I have quoted this graphic account of the great volcanic eruption of St. Vincent in 1812 from Canon Kingsley's delightful work to impress on my readers, in more eloquent language than I can command, the fact of great explosions having taken place in recent times similar in character, though much inferior in extent and force, to that by which I believe the great basin of the Lake of Masaya and similar basins in the same and adjoining Pacific provinces have been blasted out. I do not shut my eyes to the fact that great as was the force in operation in 1812 at St. Vincent, that necessary to excavate the great chasm at Masaya was incomparably greater. No one is more disinclined than I am to invoke the aid of greater natural forces in former times than are now in existence. But I believe there is good reason to infer that at the close of the glacial period volcanic energy was much more intense than now. So strained is the earth's crust at some parts that it is surmised that even a great difference in the pressure of the atmosphere such as occurs during a cyclone, may be sufficient to bring on an earthquake or a volcanic eruption already imminent.

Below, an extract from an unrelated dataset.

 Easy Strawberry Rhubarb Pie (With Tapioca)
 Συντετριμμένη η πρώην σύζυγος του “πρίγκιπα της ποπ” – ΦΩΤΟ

Whether this be so or not, there can be no doubt that at the melting away of the ice of the glacial period there was an enormous change in the strains on the earth's crust. Ice that had been piled up mountains high at the poles and along the chain of the Andes all through tropical America melted away and ran down to the ocean beds. This great transference of weight could not have been accomplished without many rendings of the earth's crust and many outpourings of lava and volcanic outbursts. Let us reflect, too, that not only was an enormous ma.s.s of matter, before lying over the poles, removed nearer to the equator, and many mountain-chains relieved of the ice of thousands and tens of thousands of years, but that there must have been an actual change in the earth's centre of gravity. All our experience shows that the ice was more developed on some meridians than others; probably nowhere in the whole world did it lie so thick as along the American continents; and everywhere it must have been greater over the land than over the sea. When it a.s.sumed its liquid form, and arranged itself freely according to its specific gravity, the centre of gravity of the earth must have been effectively changed. All who have studied the present statical condition of the earth's crust will readily admit that such a change might produce greater volcanic outbursts than any known to history.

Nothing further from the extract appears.